He
dejado atrás el huerto. Mi madre ha iniciado su ascenso al calvario y yo, la
sigo como un fiel testigo. No hay madero ni tormento y, sin embargo, la
postración se vuelve cruz. Su cuerpo inmóvil, cadavérico, casi inerte se
sostiene no de clavos sino de hilos.
Hace
un año que perdió la voz. Hoy, lo ha perdido casi todo, pero aún resiste como
Jesús en el madero. Jadeante, sedienta, agónica. Atravesada por la lanza de la incertidumbre.
Mientras yo observo la escena, casi insoportable, vienen a mi mente las Marías
que acompañaron al Crucificado. El Amor
las hizo permanecer. Yo también me he quedado como un centinela. No puedo
cambiar el hecho. Tampoco pretendo huir. Mi estar se ha vuelto oración y
ofrenda.
Mi Fe quebrantada, por la duda, abre una grieta que se vuelve gruta para explorar el Misterio. Tengo una visión. Me encuentro en las afueras de Jerusalén. Llegó a la cima del Gólgota. Se difuminan las imágenes. No voy a recrear la tortura y la muerte. Estoy ahí para descifrar el “sí” absoluto, radical e incuestionable de María, la madre. Y la fidelidad incorruptible y ardiente de María Magdalena, la discípula redimida.

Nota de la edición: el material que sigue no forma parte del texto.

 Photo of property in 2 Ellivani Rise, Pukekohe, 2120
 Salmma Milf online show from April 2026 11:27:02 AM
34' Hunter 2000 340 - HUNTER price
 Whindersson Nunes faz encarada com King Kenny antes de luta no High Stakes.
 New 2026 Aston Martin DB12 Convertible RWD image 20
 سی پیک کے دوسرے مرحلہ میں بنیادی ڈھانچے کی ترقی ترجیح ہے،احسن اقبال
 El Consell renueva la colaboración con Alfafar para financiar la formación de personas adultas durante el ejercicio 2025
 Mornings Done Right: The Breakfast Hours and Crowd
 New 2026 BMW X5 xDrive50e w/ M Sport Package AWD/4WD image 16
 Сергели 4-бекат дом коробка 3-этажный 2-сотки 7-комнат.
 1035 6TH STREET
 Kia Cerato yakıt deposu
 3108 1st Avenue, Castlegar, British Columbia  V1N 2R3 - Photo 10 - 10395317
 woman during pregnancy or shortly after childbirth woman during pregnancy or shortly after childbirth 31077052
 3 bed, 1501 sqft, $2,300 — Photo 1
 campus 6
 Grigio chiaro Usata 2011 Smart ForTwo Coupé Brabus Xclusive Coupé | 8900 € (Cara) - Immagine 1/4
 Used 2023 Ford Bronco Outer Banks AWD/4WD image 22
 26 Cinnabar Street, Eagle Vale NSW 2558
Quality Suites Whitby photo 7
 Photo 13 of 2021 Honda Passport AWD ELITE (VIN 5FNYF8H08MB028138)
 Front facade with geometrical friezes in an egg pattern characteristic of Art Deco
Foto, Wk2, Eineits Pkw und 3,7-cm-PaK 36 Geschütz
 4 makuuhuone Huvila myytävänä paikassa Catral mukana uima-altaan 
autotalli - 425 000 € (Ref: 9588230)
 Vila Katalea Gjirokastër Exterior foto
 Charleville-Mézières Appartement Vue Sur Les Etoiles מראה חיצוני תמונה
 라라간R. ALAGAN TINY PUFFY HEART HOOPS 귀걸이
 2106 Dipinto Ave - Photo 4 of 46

Siento el poder de la Presencia que las sostuvo para
sostener. Es la misma que me habita.
Un
halo de luz me regresa a la pequeña habitación donde yace mi madre. Descubro
que el Misterio no está lejos, ni en Jerusalén, ni en el pasado. Está aquí, latiendo en este
umbral de la vida y la muerte que ella está por cruzar y que yo custodio como el
último acto de amor que una hija puede ofrecer a una madre.
Ella, expirará poniendo fin al libro de su vida.
Yo, cerraré un capítulo más y al dar la vuelta escribiré en una hoja en blanco…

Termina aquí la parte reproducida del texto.